Dependent on application, a variety of abrasive mediums are used in blast cleaning, carried in a stream of high-pressure air and propelled towards the ironwork. Whilst fast and effective it is also particularly aggressive.

Dry blast cleaning is primarily only used where wrought iron is serving a structural purpose and where there is no fine detailing that could be damaged. Water is often added to provide a cushioning effect particularly useful when dealing with fine ironwork, though it does slow and less effective.  


Flame Cleaning

Flame cleaning is particularly suitable for wrought iron. The treatment involves heating the iron to soften and remove the paint layers and any loose rust or mill scale - useful when dealing with ornamental and delicate wrought ironwork. 


Chemical Based Cleaning

Phosphoric acid-based chemicals can be applied to the surface of wrought iron to remove a build-up of corrosive material and old paint. Great care needs to be taken to avoid an accumulation of chemicals in the microstructure of the iron.

Chemical baths involving a mix of acid and corrosion inhibitors can also be employed in some circumstances but require dismantling the ironwork into individual components.

There is an argument against chemical cleaning methods where possible. The process can remove the mill scale layer from the iron, which acts as a natural protective layer against corrosion.


Forge welding

 Forge welding is the traditional method for forming and repairing wrought iron whereby two sections are brought to a high temperature in a forge and hammered together, normally by hand, to form a joint. This type of repair normally recovers about 80% of the original component strength.

Whilst the most unobtrusive and preferred method, it isn’t always possible to dismantle and move larger pieces of wrought ironwork to a hearth. In such instances, other in situ repair techniques would be employed instead.


Hot set riveting

In another traditional joining technique, conical or round head rivets are heated until white-hot and placed through pre-drilled holes. Still hot, the rivet expands to fill the hole and the protruding end is hammered, either by hand or using a hydraulic tool on larger sections, until it forms a head over the other side. Left to cool, the rivet contracts pulling the two sections together forming a tight joint.

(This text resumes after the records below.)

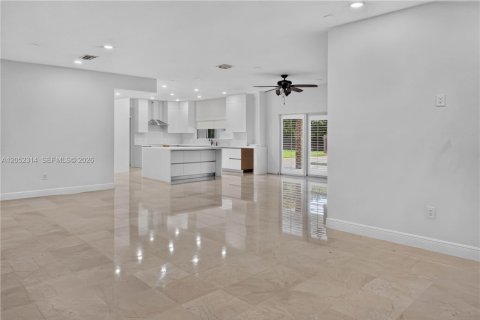 Casa en alquiler en Miami, Florida, 5 dormitorios, 258.36 m2 № 2244989 - foto 5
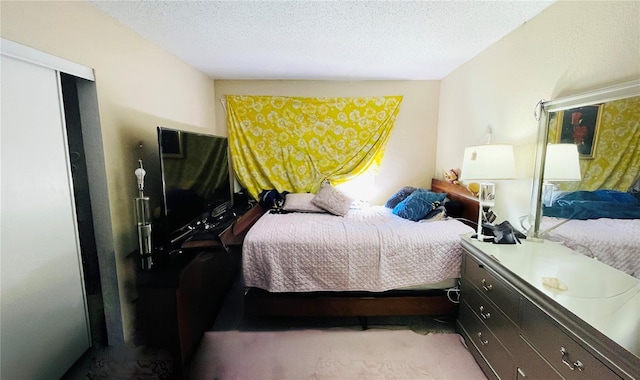 bedroom featuring carpet and a textured ceiling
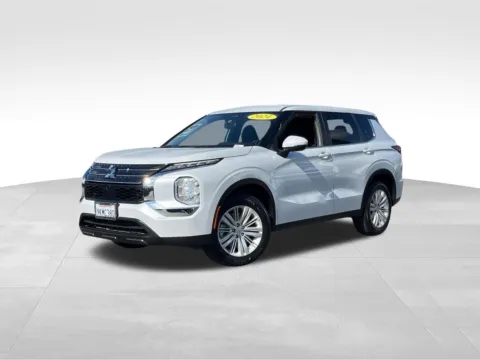 White 2024 Mitsubishi Outlander ES for sale in Escondido, CA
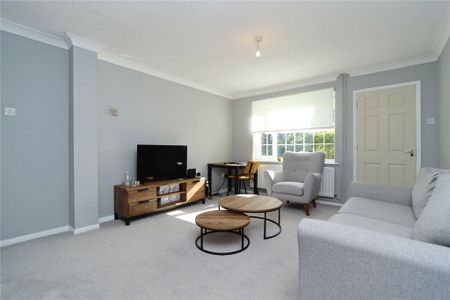 2 bedroom semi-detached house to rent - Photo 5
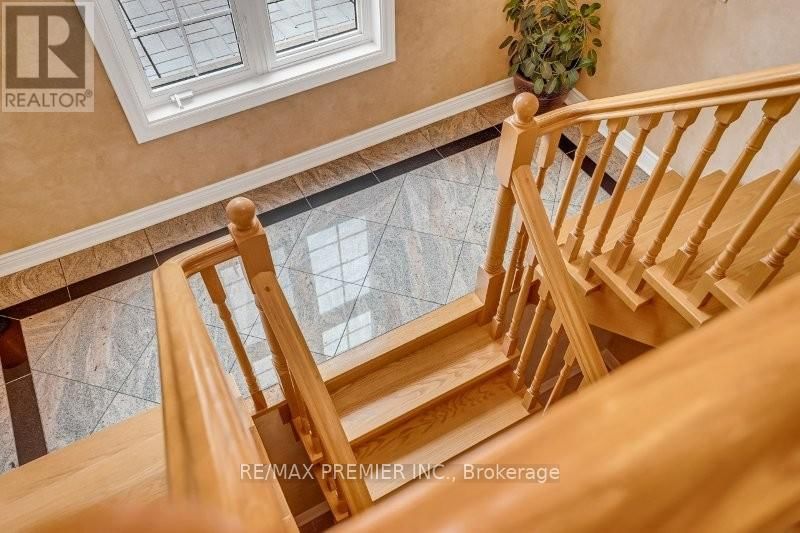 3 AVRO ROAD Image 25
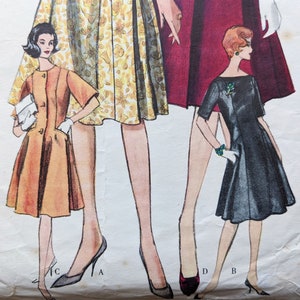 Puede incluir: Ilustraci&oacute;n de moda vintage con tres mujeres con vestidos. Los vestidos son de varios estilos y colores, incluyendo naranja, floral amarillo y negro. La ilustraci&oacute;n es de un patr&oacute;n de costura, mostrando dise&ntilde;os cl&aacute;sicos de mediados de siglo.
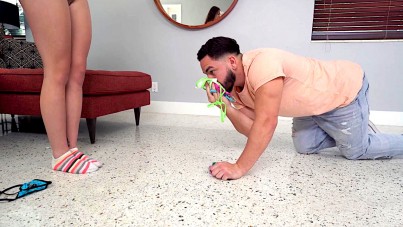 Catch A Panties Sniffer 10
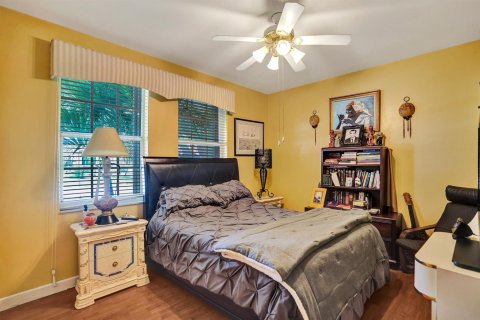 Casa en venta en Pembroke Pines, Florida, 3 dormitorios, 211.91 m2 № 2179505 - foto 19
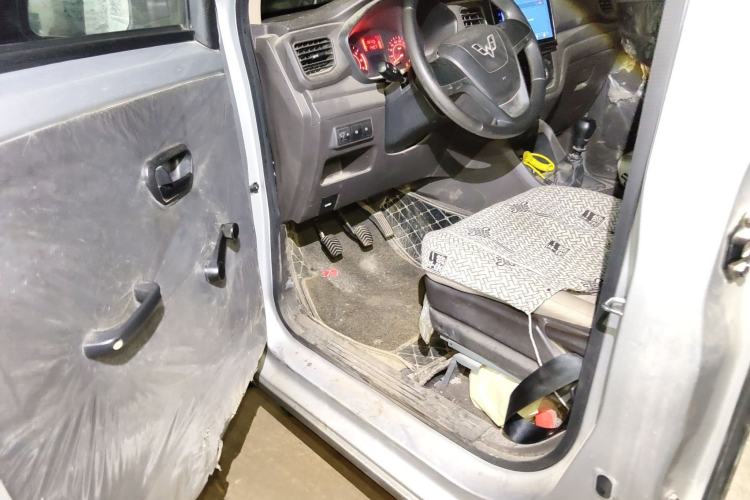 Used Wuling Hongguang V 2021 1.5L Jingqu Version LAR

Arc Welding (MMA, MIG and TIG)

Modern welding techniques are often used instead of forge welding for in situ repairs and in the case of structural components. Care needs to be taken to choose a suitable alloy. 


Manual Brazing

Suitable for small-scale non-structural repairs, manual brazing uses a bronze or brass filler rod coated in flux. The iron is flame heated to around 600 centigrade and the filler then melted and applied on or near the joint in need of repair using a gas flame. To braze metals together a very tight joint must form so that the filler can be drawn in successfully.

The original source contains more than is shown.